— What to produce —
Below are records to repeat exactly; do not include any pictures.

— Given information —
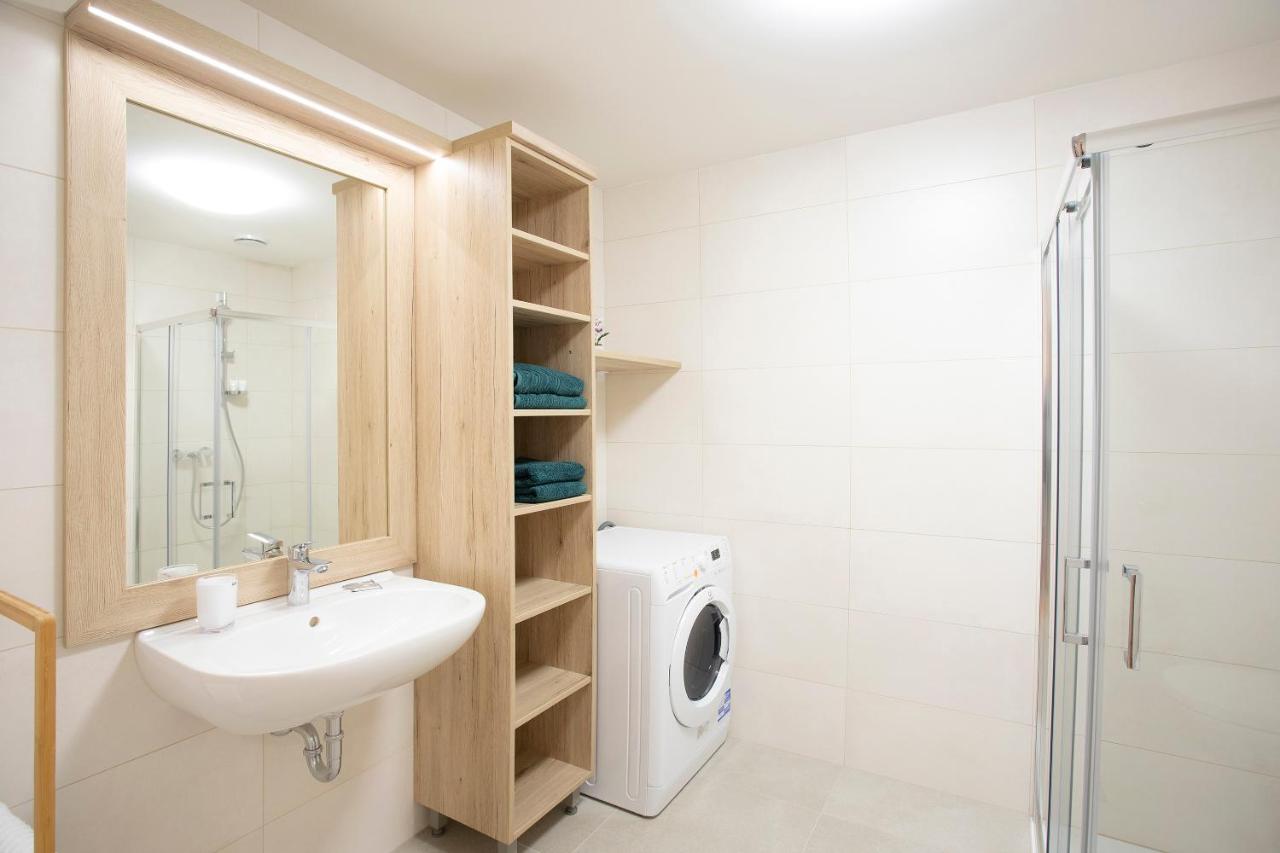 Studio Novak Bled Apartment Bagian luar foto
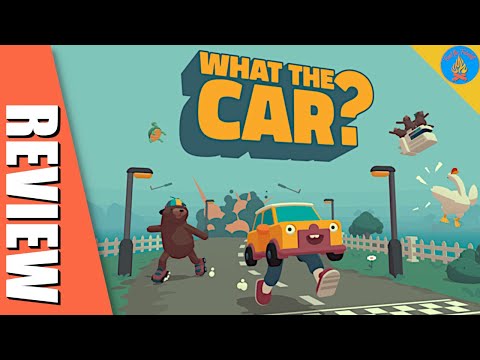 Indie Review - WHAT THE CAR?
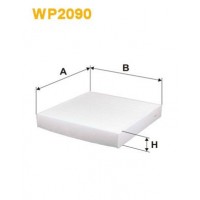 WP2090 WIX FILTERS Фільтр повітря у внутрішньому просторі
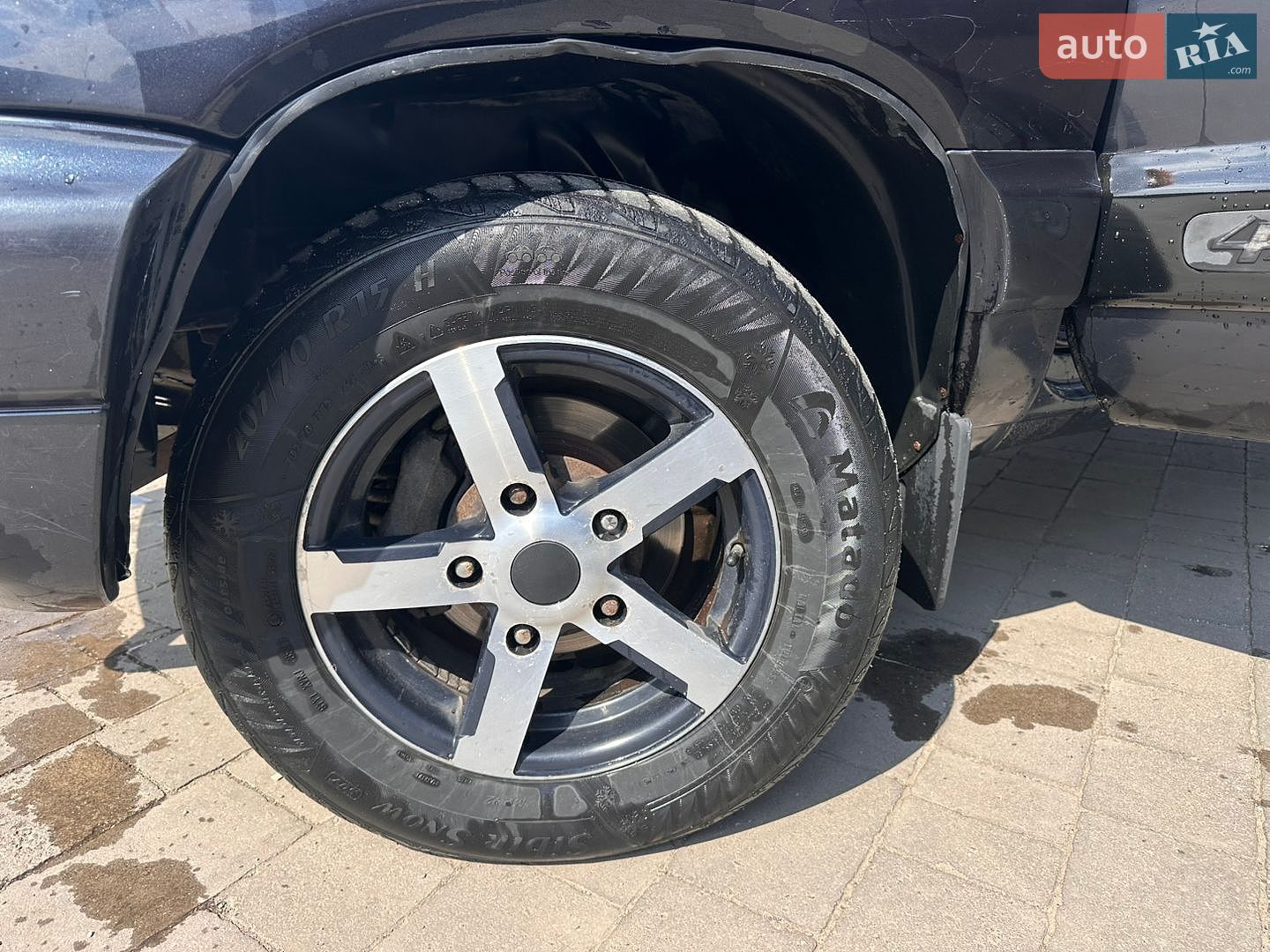 Chevrolet Niva 2008 VIN X9L21230080220823 фото оголошення 19 з 21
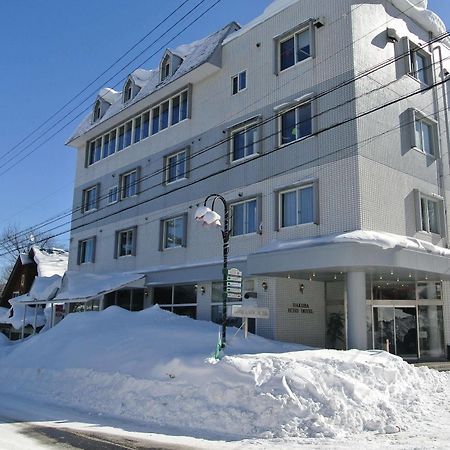 Hakuba Echo Hotel And Apartments المظهر الخارجي الصورة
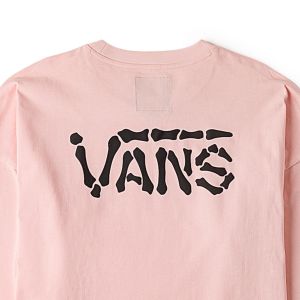 VANS × ASIA ARTIST COLLECTION联名男女长袖T恤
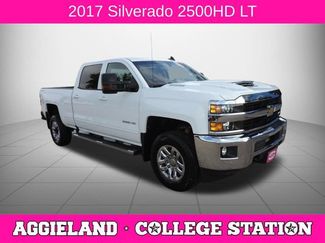 Used 2017 Chevrolet Silverado 2500 LT w/ LT Convenience Package AWD/4WD video 1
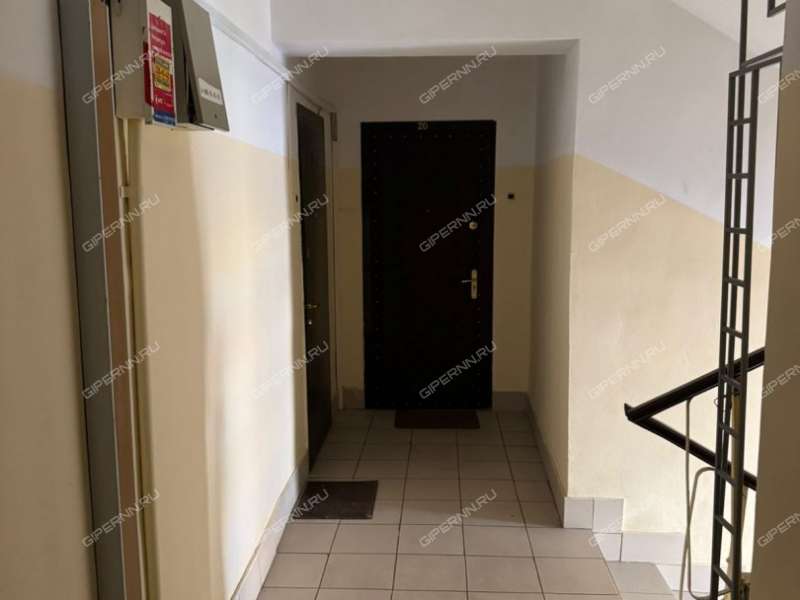 трёхкомнатная квартира на Казанском шоссе дом 10 к4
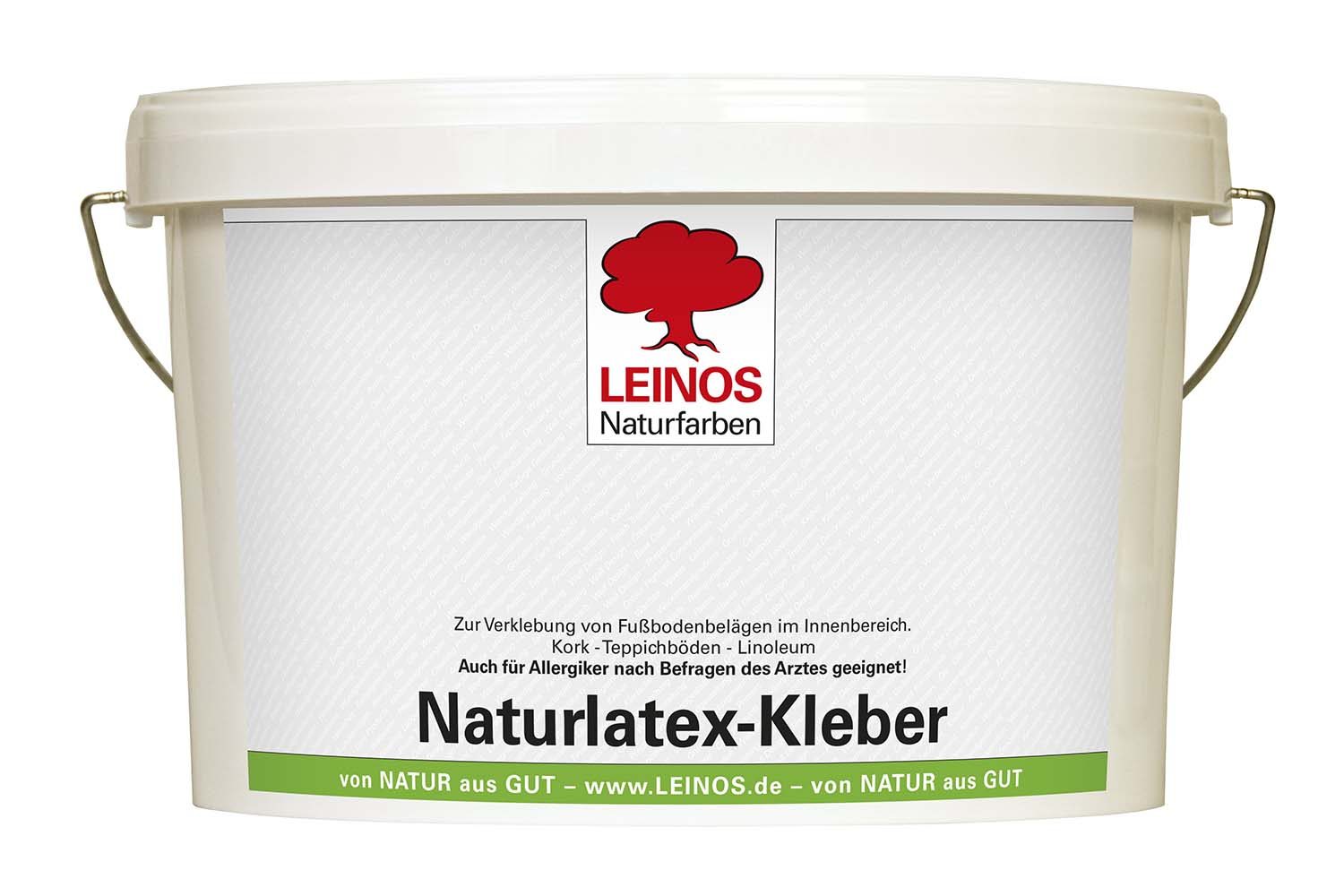 Leinos Naturlatexkleber 720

— Answer to this problem —
 Studio Novak Bled Apartment Bagian luar foto
 Indie Review - WHAT THE CAR?
 WP2090 WIX FILTERS Фільтр повітря у внутрішньому просторі
 Chevrolet Niva 2008 VIN X9L21230080220823 фото оголошення 19 з 21
 Hakuba Echo Hotel And Apartments المظهر الخارجي الصورة
 VANS × ASIA ARTIST COLLECTION联名男女长袖T恤
 Used 2017 Chevrolet Silverado 2500 LT w/ LT Convenience Package AWD/4WD video 1
 трёхкомнатная квартира на Казанском шоссе дом 10 к4
 Leinos Naturlatexkleber 720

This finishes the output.